(Task description)
Exactly and only the lines from the one with "Fountain square" through the last line of the records need to be set down; please skip the pictures.

[[ Data supplied open ]]

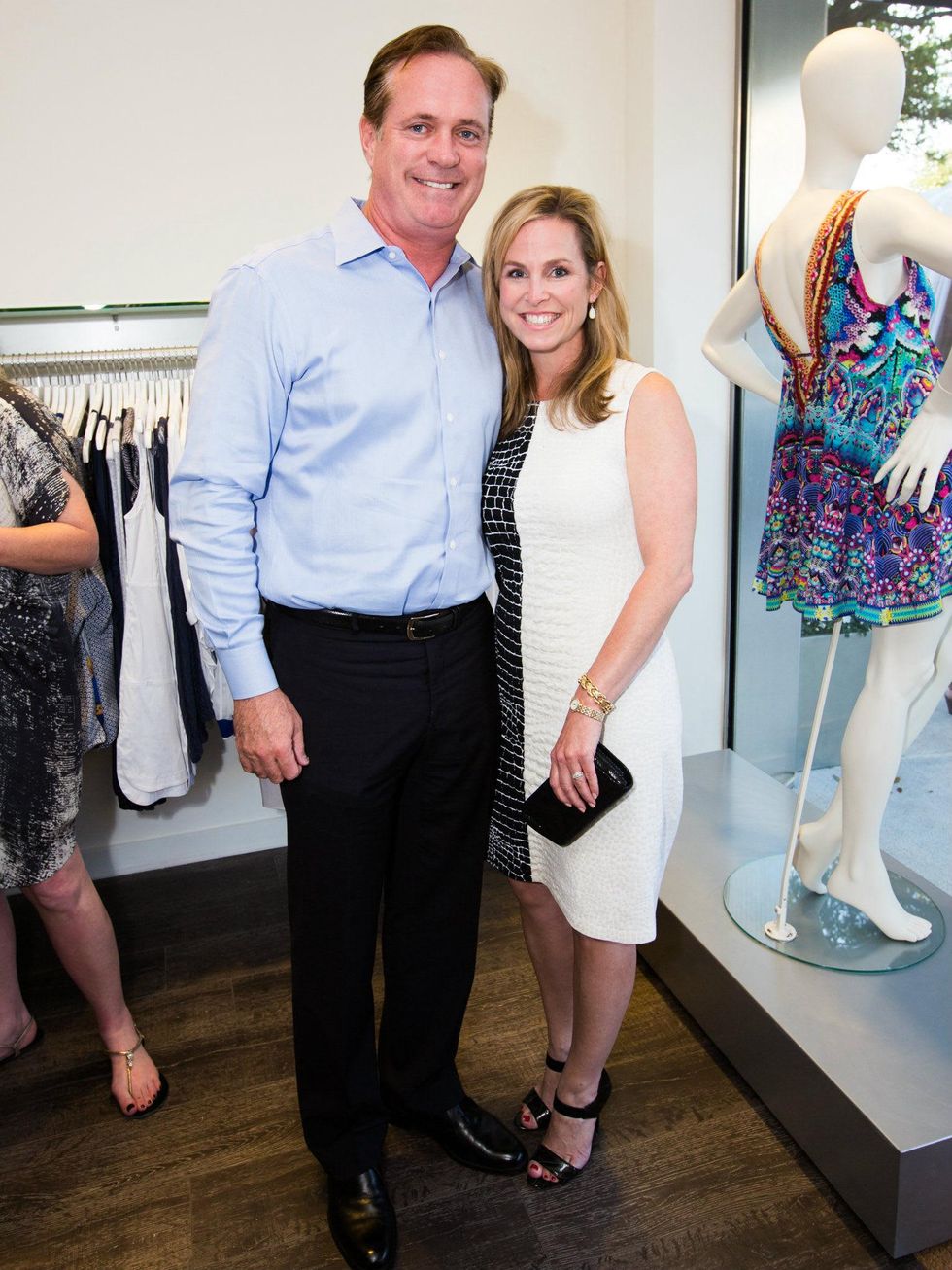 Paul and Janie Cooke, Planet Bardot Grand Opening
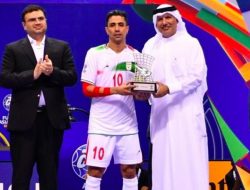Profil Hossein Tayyebi, Bintang Iran yang Jadi Top Skor Piala Asia Futsal 2022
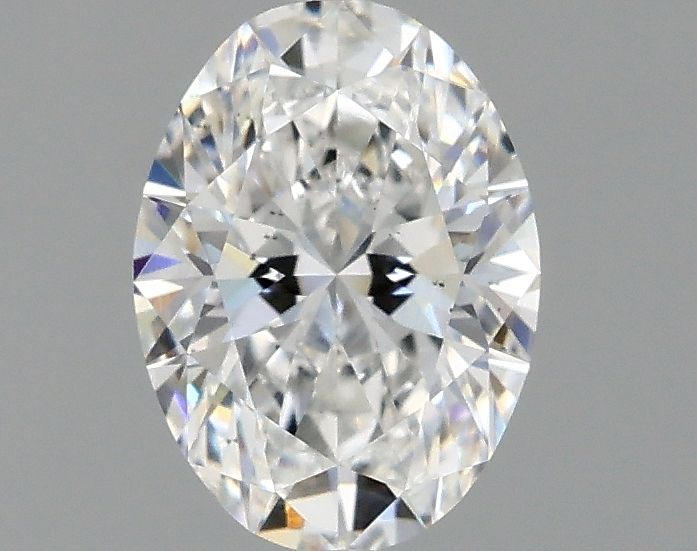 1.05 ct. oval Lab Grown Diamond front image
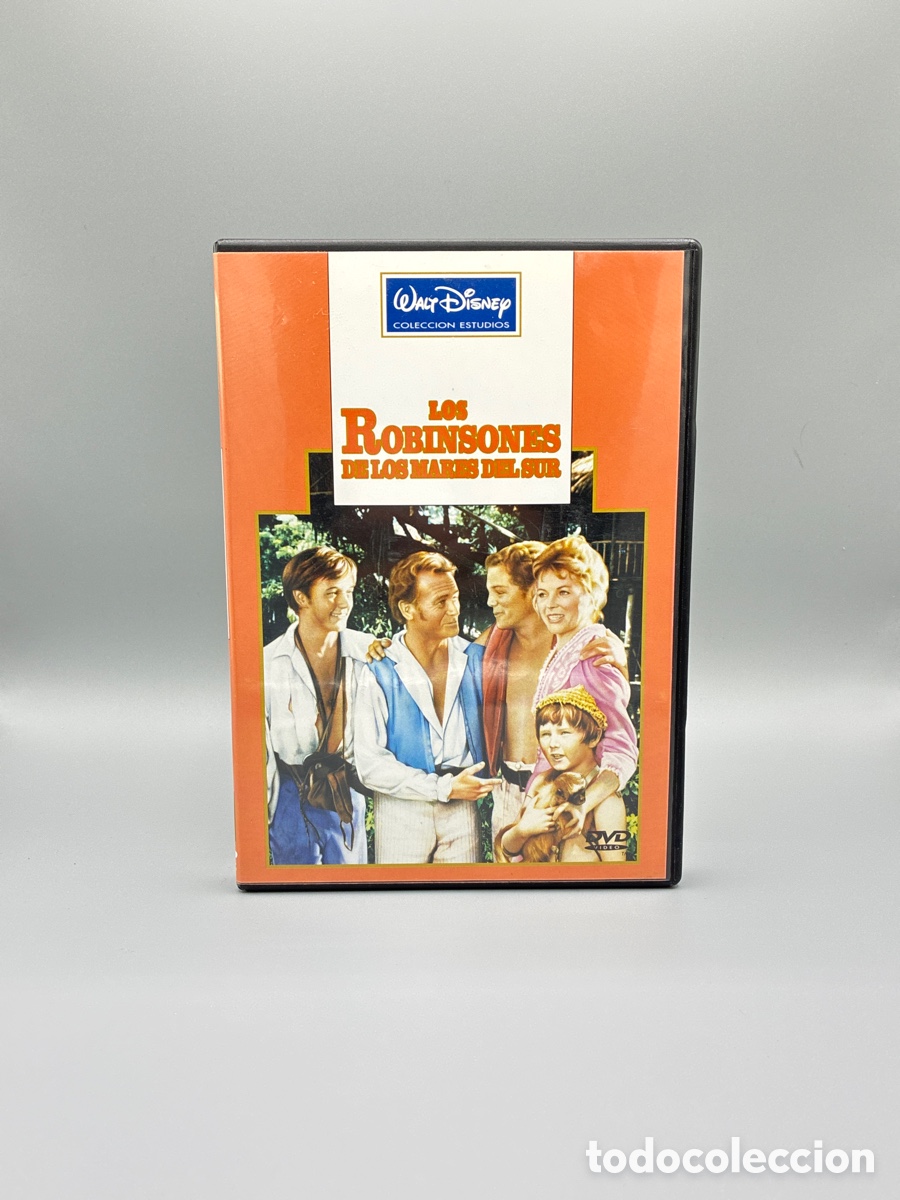 Cine: Los Robinsones de los mares del Sur DVD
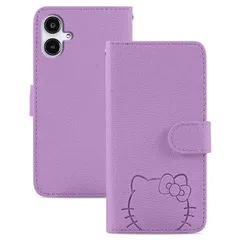 Kedic Galaxy A25 5G ケース 手帳型 大きな花の顔の猫のパターン ギャラクシーA25ケース ギャラクシー SCG33 カバー Galaxy A25 5G スマホケース GalaxyA25 カバー Docomo SC-53F ケース の選択 指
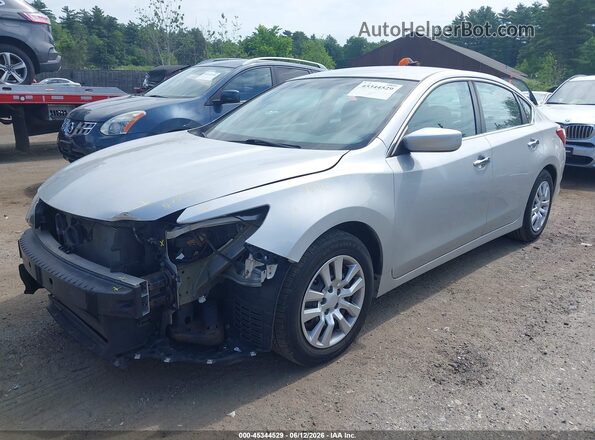 1N4AL3AP0HN321484 2017 NISSAN ALTIMA Silver Front left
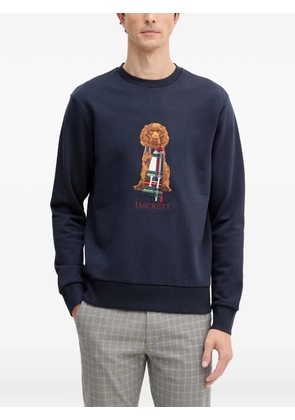 Hackett graphic-print sweatshirt - Blue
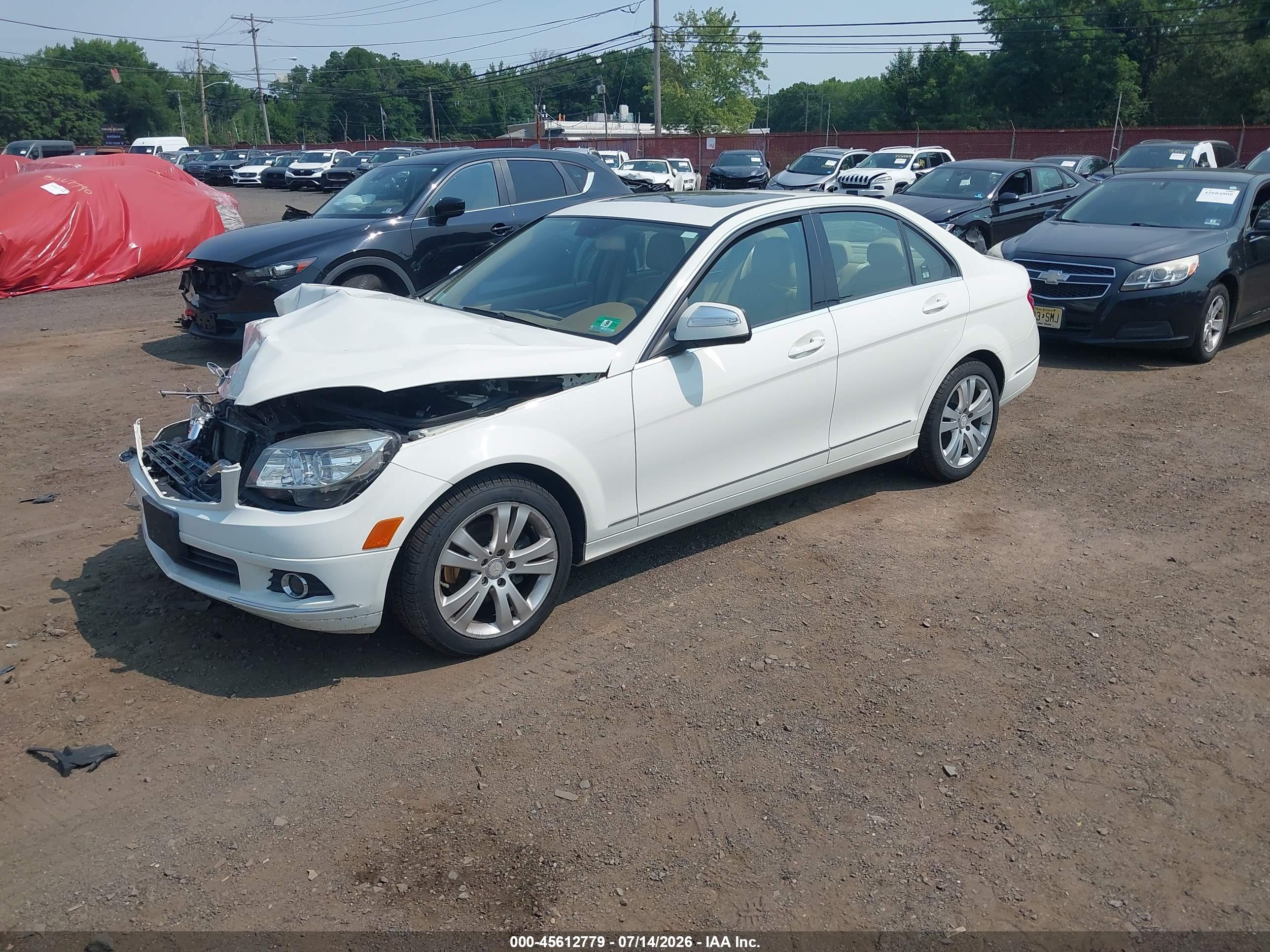 2008 MERCEDES-BENZ C 300 C300 4 MATIC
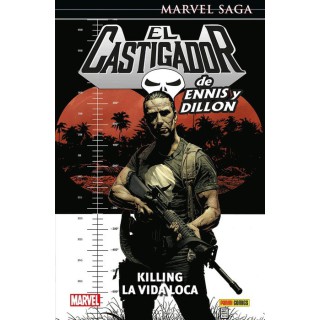 Marvel Saga. El Castigador de Ennis y Dillon 4
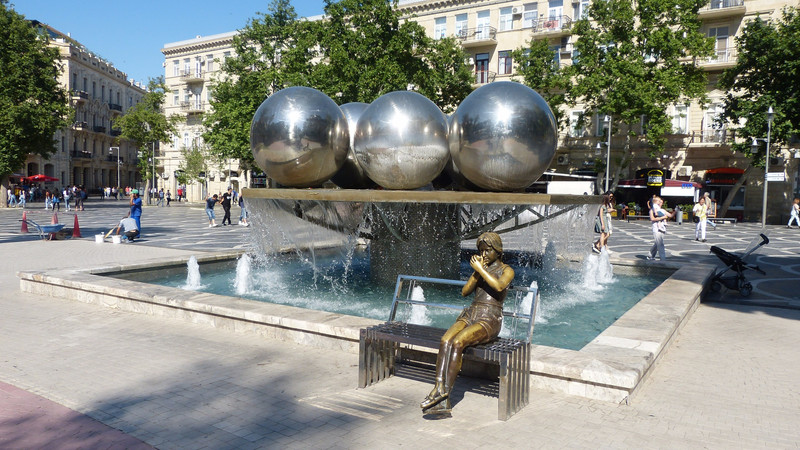 Fountain square
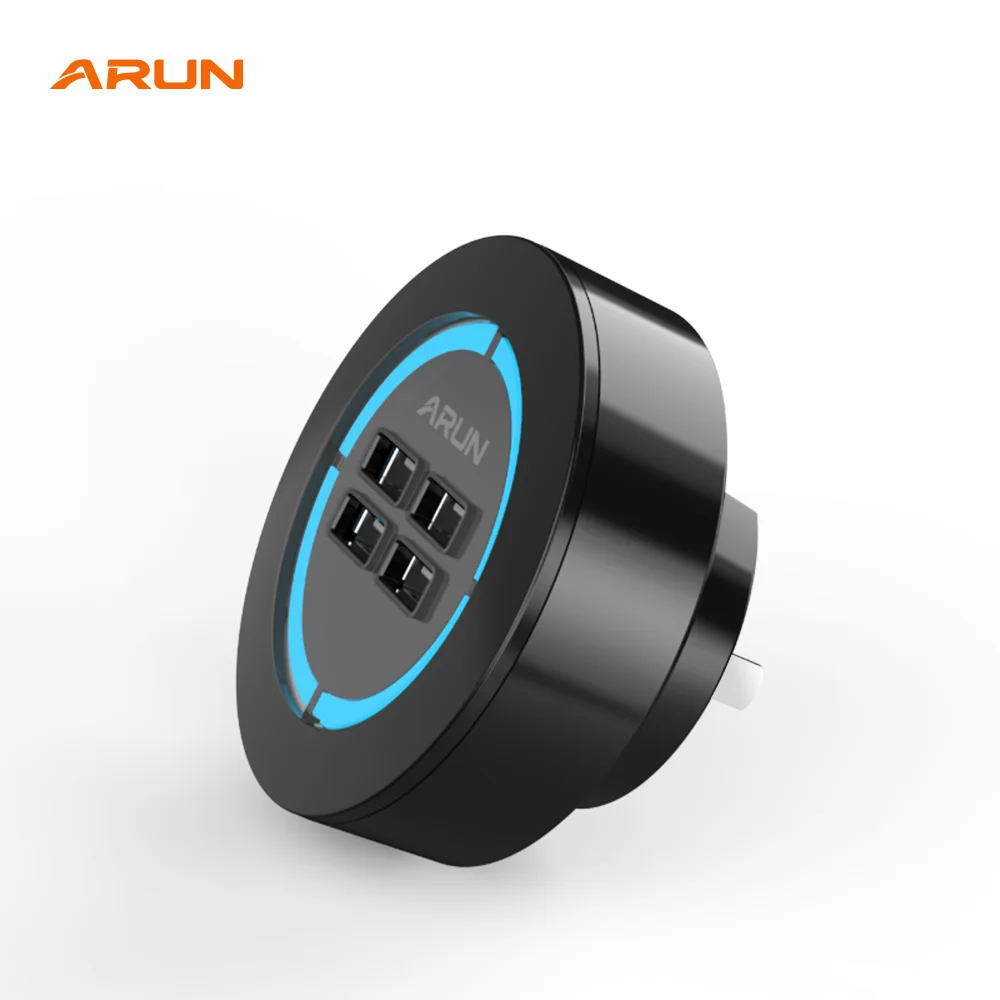 ARUN 4USB Universal Conversion Plug Power Supply US EU Standard Power Plug Adapter Converter Travel Conversion For Home Use ARUN 4USB Universal Conversion Plug Power Supply US EU Standard Power Plug Adapter Converter Travel Conversion For Home Use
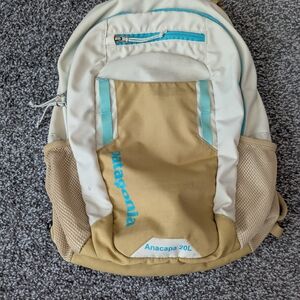 Patagonia Anacapa 20L Backpack in Tan and Cream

[[ Data supplied closed ]]

(Response to the task)
 Fountain square
 ARUN 4USB Universal Conversion Plug Power Supply US EU Standard Power Plug Adapter Converter Travel Conversion For Home Use ARUN 4USB Universal Conversion Plug Power Supply US EU Standard Power Plug Adapter Converter Travel Conversion For Home Use
 Patagonia Anacapa 20L Backpack in Tan and Cream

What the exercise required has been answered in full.